I have bought my kids' instruments used from a small local music store.  The kids got to try the instruments, quality was good, price reasonable, and service and advice top-notch.

Summer is a pretty good time to buy it, as they've probably just gotten back rentals from the school year.  Ask them to go through the returned rentals as they clean and service them, and pick a good one for you.

Re the cheapos that everyone above says to stay away from, several of the repairmen we've talked to says that besides poor quality, parts are difficult if not impossible to get, so when it needs service, forget it.

Stick with a quality used instrument.


----------



## wackymother (Jun 12, 2009)

pjrose said:


> Summer is a pretty good time to buy it, as they've probably just gotten back rentals from the school year.  Ask them to go through the returned rentals as they clean and service them, and pick a good one for you.

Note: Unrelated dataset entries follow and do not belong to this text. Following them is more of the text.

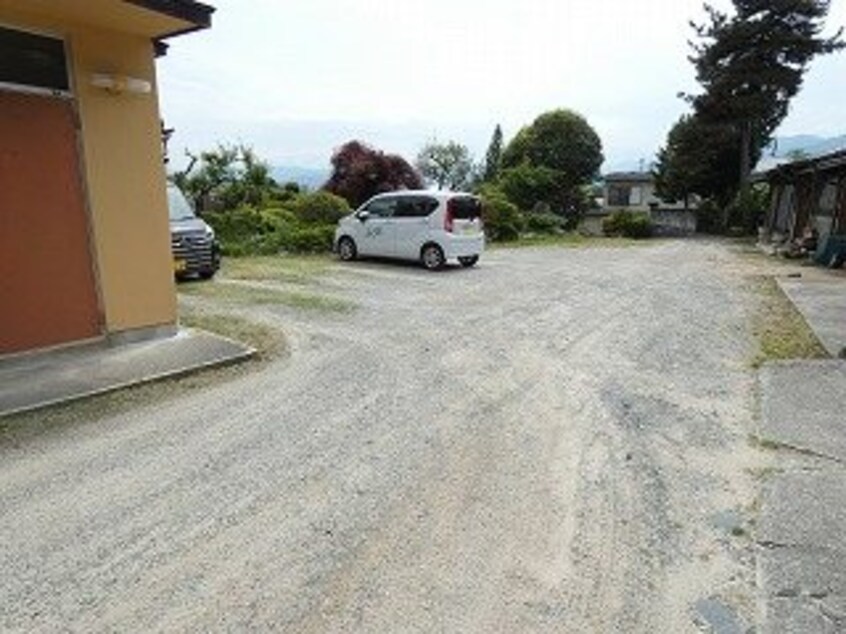  タザマアパート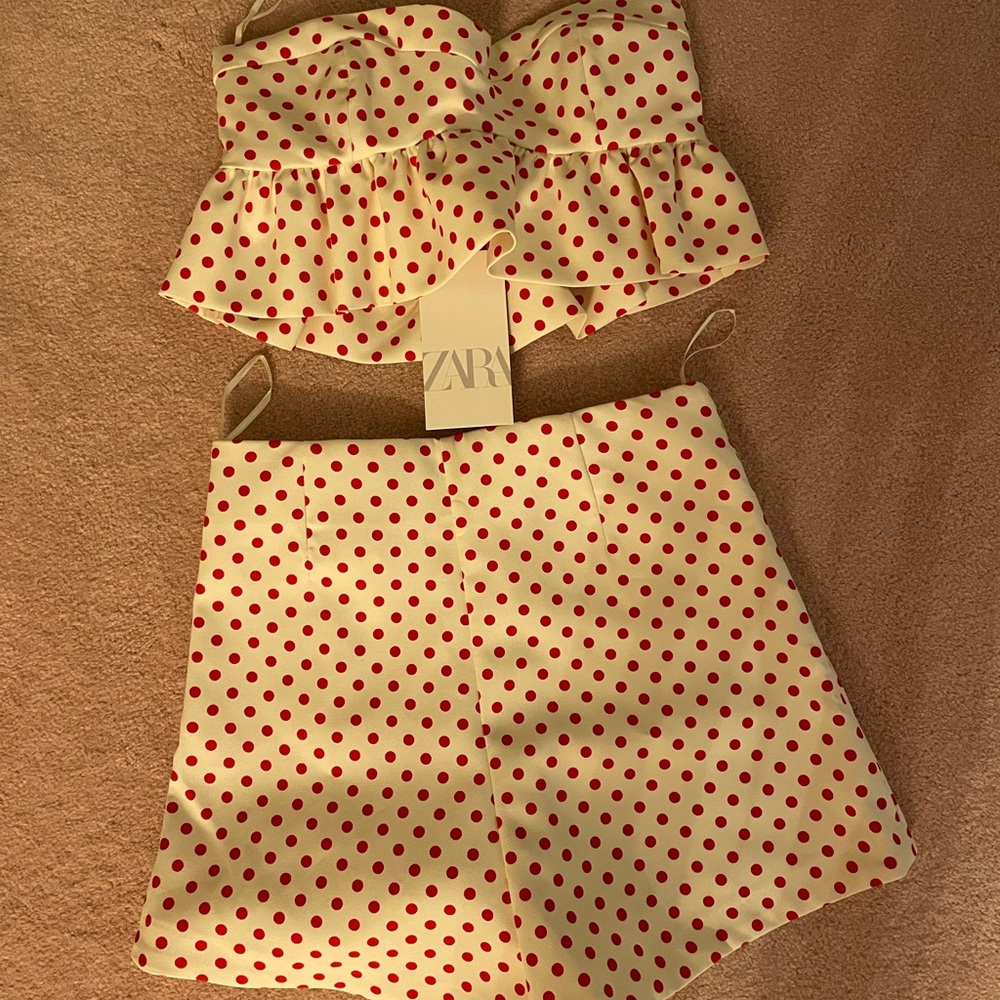 Poka dot Zara set!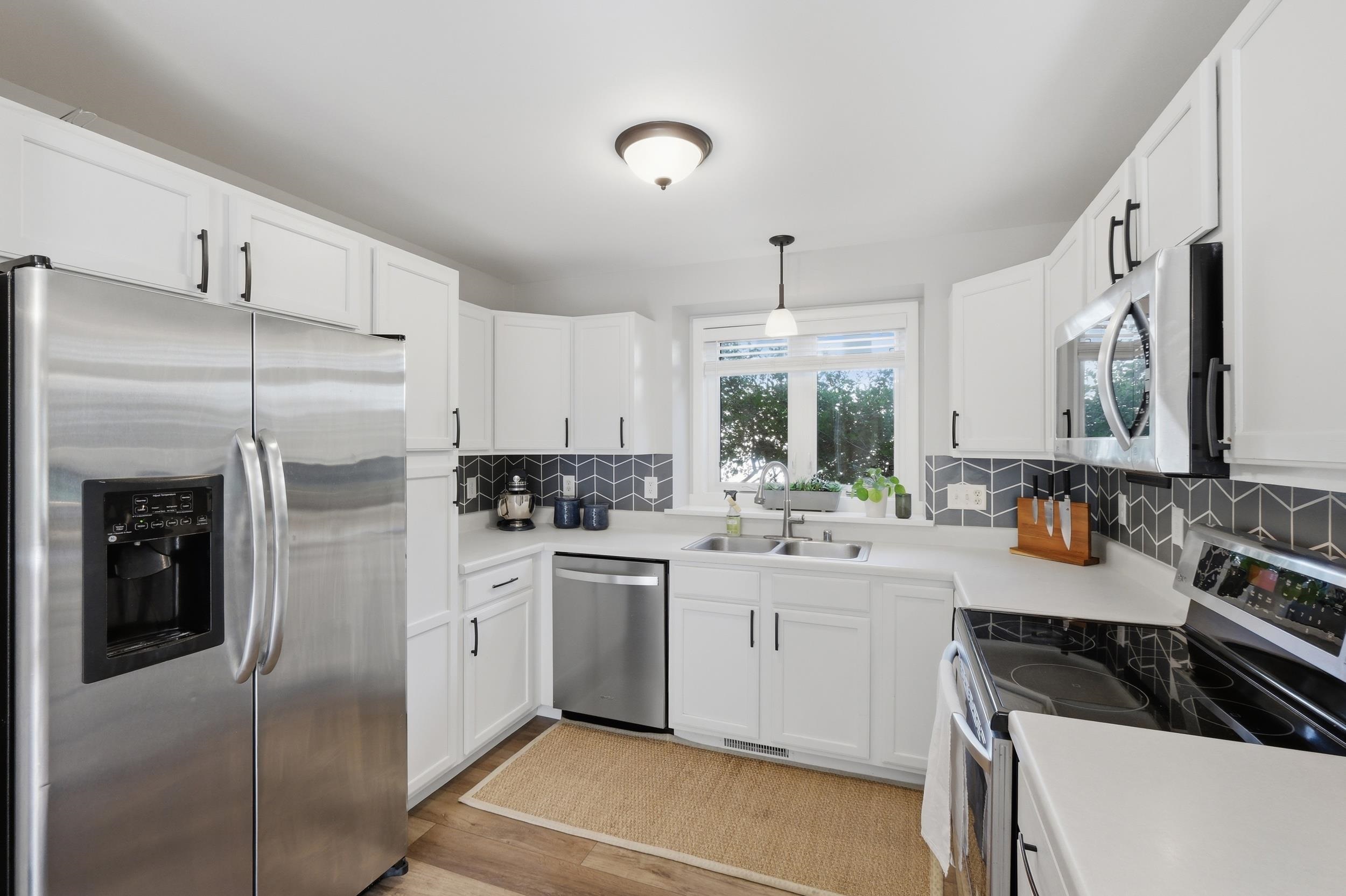 1271 Gas Light Sun Prairie, WI 53590 - Photo 21 of 71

Oh, that's a good idea! I'll chitchat with the Sam Ash guy when we take the cello back. 



> Re the cheapos that everyone above says to stay away from, several of the repairmen we've talked to says that besides poor quality, parts are difficult if not impossible to get, so when it needs service, forget it.
> 
> Stick with a quality used instrument.



It's my curse that I have to feel like I got something really nice for a moderate price. My father played the clarinet, so of course in my heart of hearts I want one just like his.


----------



## BSQ (Jun 12, 2009)

I'm partial to Selmer.  Within the brands there are many different models, so even just saying look for a Selmer, Bundy, etc  could still make the task confusing. 

For a used student horn I like the Selmer Signet series.  It has good tone ... but that's the other caveat about buying one that you haven't seen in person ... the same model can sound slightly different when played.

If you are shopping used instruments in person, having your daughter play a chromatic scale will give you an indication if there are any bad keys or pads. (not 100% since there are alternate fingerings for some notes, but it will cover just about every key).


----------



## Stressy (Jun 12, 2009)

Hi Wacky,

I have used this company to purchase a beginning trumpet for my son some years ago http://www.1800usaband.com/ It was recommended by our band director. They had nice beginner packages that included the book he used, etc. They let you make payments no problem. Payments were less than rental-so I felt like if he abandoned it-at least I still owned the instrument.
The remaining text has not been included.